It seems that man is now intent on taking upon himself such characteristics as only belong to God, such as immortality, in one form or another. When their mortality is finally revealed to them through Adam’s death, they seem to fight this inevitability relying on their own, as Kass puts it,  mistaken “god-like self sufficiency.” They continue to take what can only be given. In this instance wives which God has decided should not join them in union, and judging these relationships as good for them just as Eve saw the apple as good for her — both being far from the truth. The people seek immortality through fame and glory and manly acts of heroic-ness and thus they further the decline of the human condition. 

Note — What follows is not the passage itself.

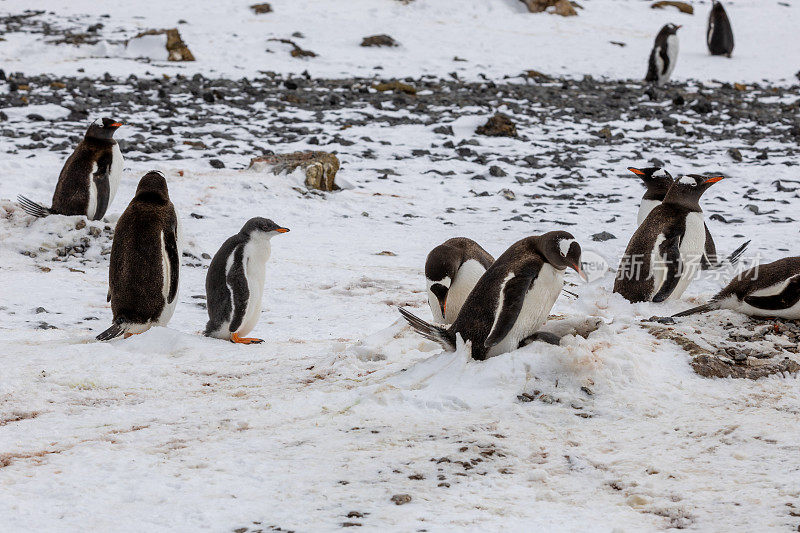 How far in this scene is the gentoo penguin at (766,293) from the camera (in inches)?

No wonder God considers just trying to start over. As a child, I could never understand why an all-loving God would want to eliminate all life on Earth. (Even the birds and the insects!) But as a more informed reader I can better understand that humanity was very close to be completely lost. But God didn’t follow through with this idea to wipe out life on Earth entirely because he found favor in Noah- in his simpleness and his piety.

Noah acts as the antithesis to the terrible traits that drive humanity’s downward spiral. He is pious, obedient, and doesn’t aspire to put himself in charge of God’s plan for saving him — he accepts his position as a builder of and a passenger and caretaker on the Ark. Just as God asked of the first humans to be a part of Creation and care for it but to not aspire to be like God, so Noah demonstrates that a human can choose to fulfill these commands.

But this does not save humanity entirely. We see with the tower of Babel that men are still prone to aspiring towards the lofty heights of God, so he confuses and scatters them. Humanity is not saved completely through Noah, the corrupted human condition is still present, but it maintains the hope of that Tree of Life in the Garden.